Melindungi Bisnis dan Kelompok Tertentu
Pejabat yang memiliki bisnis atau ikatan dengan kelompok ekonomi tertentu mungkin ingin memastikan bahwa pemimpin selanjutnya tidak akan mengganggu bisnis mereka atau mengungkap praktik korupsi. Oleh karena itu, mereka mencari calon yang akan melindungi kepentingan mereka.
Politik Dinasti
Terakhir, ada situasi di mana pejabat berusaha membawa anggota keluarga mereka ke dalam dunia politik dengan mendukung mereka sebagai pemimpin selanjutnya. Ini dapat memastikan bahwa kekuasaan dan pengaruh keluarga tetap terjaga.
Namun, tindakan mencari pemimpin selanjutnya harus selalu dilihat dengan kritis. Transparansi, integritas, dan partisipasi aktif masyarakat dalam proses politik sangat penting untuk memastikan bahwa kebijakan dan pemimpin yang dipilih benar-benar melayani kepentingan rakyat, bukan golongan.
Pertanyaan pun muncul terkait tindakan Presiden Jokowi dalam cawe-cawe saat ini.
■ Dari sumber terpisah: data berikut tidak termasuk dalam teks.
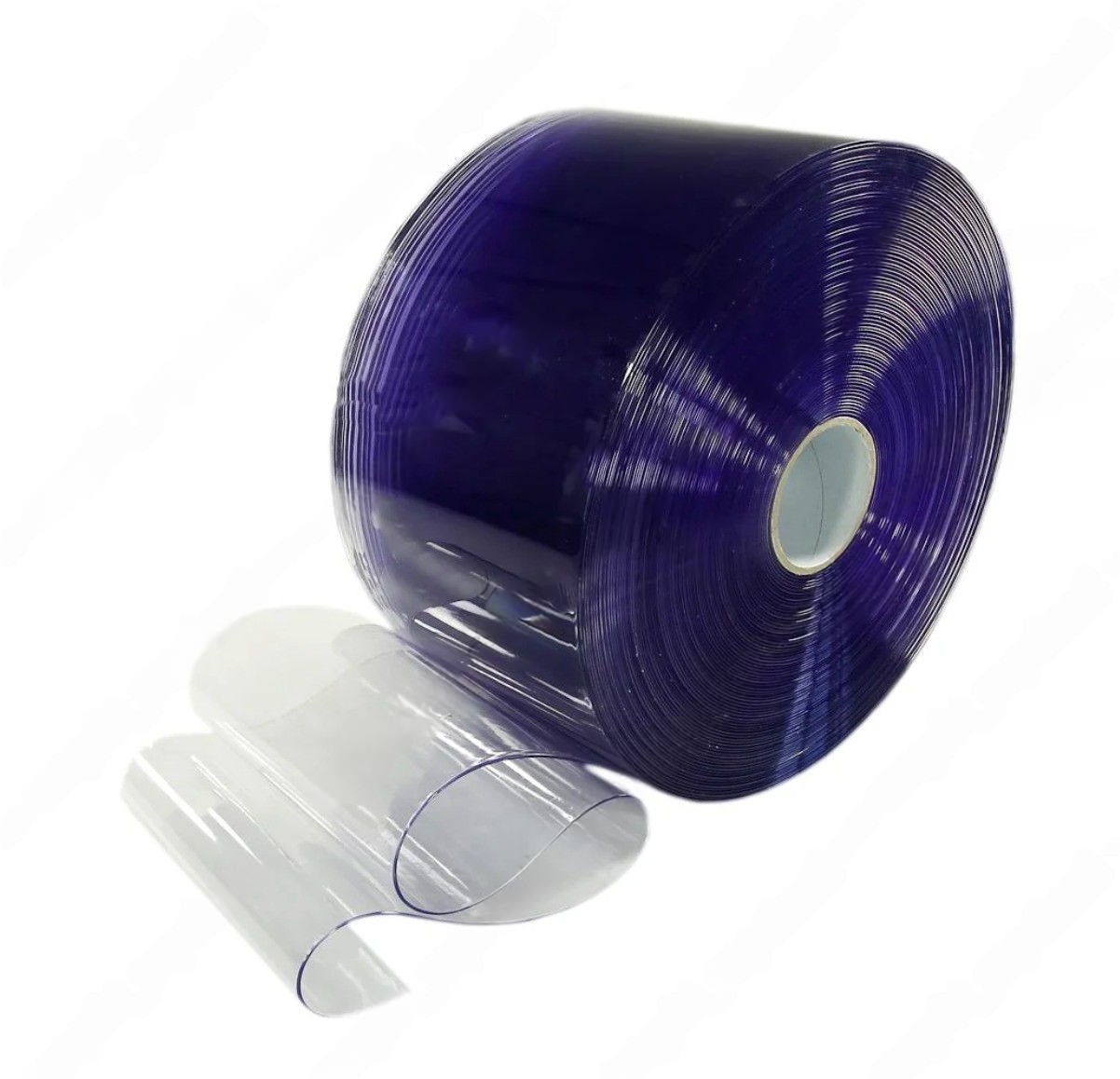 ПВХ завеса 2×200 мм, бухта 50 м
Ada keraguan akan tujuannya, yang mungkin lebih terkait dengan kepentingan pribadi daripada kepentingan demokrasi dan rakyat Indonesia. Ada spekulasi bahwa ini terkait dengan proyek Ibu Kota Negara (IKN) baru, yang bisa memberikan China kontrol besar atas sebidang tanah seluas 34.000 hektar selama 190 tahun, sementara warga Indonesia harus membayar sewa kepada China.
Langkah tambahan yang mengharuskan warga Indonesia mempelajari bahasa Mandarin di sekolah-sekolah menimbulkan kekhawatiran lebih lanjut. Dengan alokasi sebesar itu, proyek ini bisa menampung hingga 100 juta warga China. Ada juga kekhawatiran bahwa suku Dayak dan kelompok pribumi lainnya bisa terpinggirkan, mirip dengan yang terjadi pada suku Aborigin di Australia.
Mengingat semua ini, kita perlu mempertanyakan nasionalisme Presiden Jokowi dan dampaknya bagi Indonesia secara keseluruhan. Transparansi dan pertanggungjawaban adalah kunci untuk memastikan bahwa pemimpin mencari pemimpin berikutnya demi kebaikan rakyat, bukan kepentingan pribadi.